Jeff Peshut answers the question that has been widely discussed in the media lately: Is There Really A Corporate Debt Bubble That’s Ready To Burst?
To unravel the mystery, Peshut compares movements in the Rothbard-Salerno TMS monetary aggregate with movements in corporate business debt from 1978 through 2017. At the end of 2017 corporate business debt stood at $29.1 billion or about $10 trillion above its post-crisis trough at the end of 2009. TMS reached its cyclical trough of $5.1 trillion at the end of 2006 and increased to $13.1 trillion, a breath-taking increase of 156.9%, by the end of 2017. For the sake of comparison, during the housing bubble TMS increased by “only” 70%, from $3.0 trillion to $5.1 trillion from 2000 to 2006. The year-over-year (YOY) rate of growth of TMS has precipitously fallen from over 7% in 2016 to less than 4% at the end of 2017. The huge increase in the money supply from 2009 onward would certainly lead us to suspect that there is a systemic overvaluation of asset markets that will sooner or later come to a bad end. But the trillion dollar question is, of course: When?
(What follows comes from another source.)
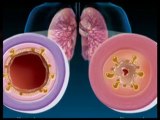 Natural Bronchitis cure. Treatment and symptoms.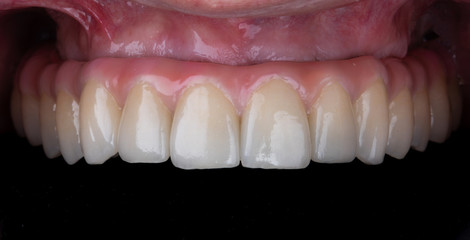 mounted prosthesis made of titanium and ceramic for the upper jaw © Dental Pro Content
With respect to the corporate debt market, Peshut gives us a cogent ad informed forecast. He finds that in the last three complete credit cycles, from 1994 through 2009, the trough in the YOY growth rate of TMS has preceded the trough in the YOY growth rate of corporate business debt by about three years in each case. Given this three-year lag, even if TMS has already reached its trough, Peshut concludes that claims that the corporate debt bubble is about to pop are premature and the more likely scenario is that the bubble bursts in 2021 or 2022.